Going back onto food this way will give you the discipline your looking for, but it will take a few weeks or longer.

The reintroduction of food is similar on Lipotrim as on Cambridge and you can get maintenance bars and shakes in your Chemist/ or by post and Lipotrim will send you some free sample if you write to them.

Hope that helps.

Love Mini xxx
 
Oh Mini darling, you're my hero!

I tried the maintenance products from LT a couple of years ago, and again last year (only once!). TBH I just couldn't stand the taste and texture of them.

Will definitely go along with your suggestions, and perhaps PM Issy for some help and ideas.

Many thanks again for taking the time to reply with such useful information, you're a star!
 
That was my fear Cheryl. I was so scared I'd end up on relying on food packs eternally. I really wanted to make this my last diet ever. So far so good, but you can never tell what the future hold....I'm feeling positive though.

You've done brilliantly to maintain and that Christmas gain is so normal. I read today that the average person takes three months to lose it. Assuming the average person isn't dieting, just losing it naturally.

Using the packs as a sort of calorie controlled diet is one way to go, but you could always use something like WLR to calorie count if you wanted. The tools they have a great, and I found it so much easier than I expected.

I did that for about a year when I finished CD as I really didn't want to use any diet related foods (though the odd pack if I had it would be handy for when I'm in a rush!)

I stuck with it for a year as I really needed to internalize what I really needed.
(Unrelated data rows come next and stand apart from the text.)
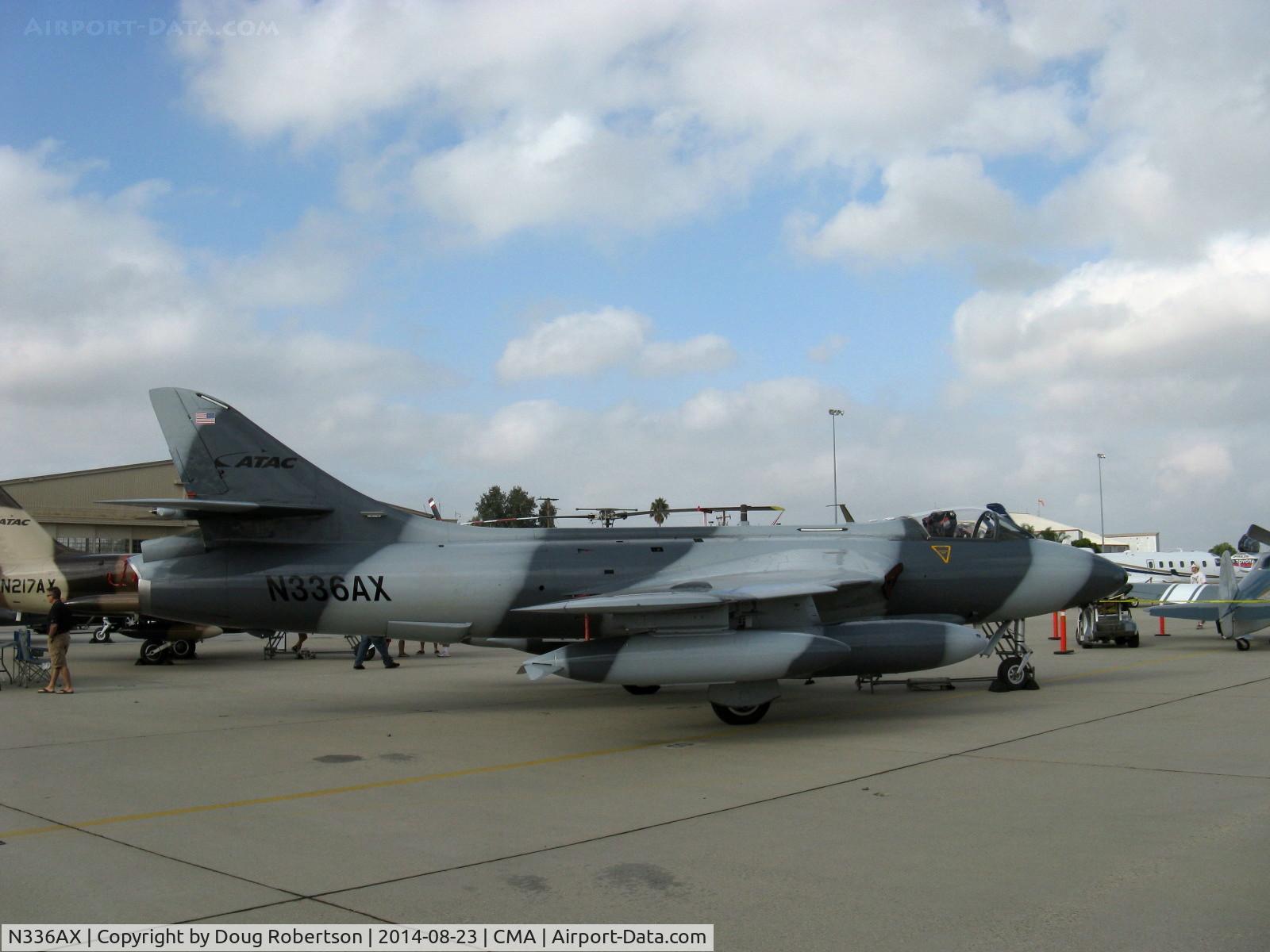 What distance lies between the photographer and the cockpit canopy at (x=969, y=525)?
44.3ft

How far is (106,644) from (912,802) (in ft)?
89.2

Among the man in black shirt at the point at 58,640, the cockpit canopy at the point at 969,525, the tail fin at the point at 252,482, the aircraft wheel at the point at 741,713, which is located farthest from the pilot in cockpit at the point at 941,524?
the man in black shirt at the point at 58,640

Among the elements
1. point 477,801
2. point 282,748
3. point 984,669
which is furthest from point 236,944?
point 984,669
Now I'm on my own putting it into practice.

I do understand you wanting to use packs to make up the calories, especially if you already have some to hand, and minis suggestions are good, but maybe you can keep WLR in mind for moving on?

You've done so well and put in the hard graft, it's a shame to have this hanging over you at this stage of the game.
 
Thanks Karion. Will definitely have a look at WLR, could be exactly what I need to move on.

Once again thanks for the help.
 
Best of luck to you Cheryl whichever way you chose.

WLR probably isn't for everyone, but it was the only 'diet' I could find that helped me get off that treadmill. A chance to eat what I chose and learn to make sensible choices because I wanted to, not because I had to...but still allowed to me to eat normal food rather than processed diet foods which I didn't really enjoy.

I've spent way too many years hopping on and off. Trying to eat the right thing (cos I was on the diet) and then eating the wrong thing (cos I was off):eek:

Then I suddenly had one of those lightbulb moments........
 
Hi Cheryl - yeah I'm back on CD1000 and using WLR to help me control my eating.

Just had a lush quorn shepherds pie with onion gravy, with butternut squash, mangetout, brocolli, cauliflower and carrots. I've scoffed some cherries, red and green grapes and still have 300 cals to go, so will enjoy 2 CD bars tonight at my leisure.......

It sure beats SSing so long as you can stay in control. Last time, I got cocky and stopped doing a food diary on WLR and it all fell to pieces!!!!

Good luck with it, doll! xxxxxxxx
 
Thanks for that Issy. Might be picking your brains over the next couple of days.

Today I've had my 3 LT shakes, 6 small quorn niblet thingies, (bit like chicken nuggets) with some tom sauce, a plum, mandarin and a banana. I don't think I've had enough food though, as I feel a bit hungry at the moment, but not sure what (and if) I should eat!

Its a total learning curve for me at the moment too.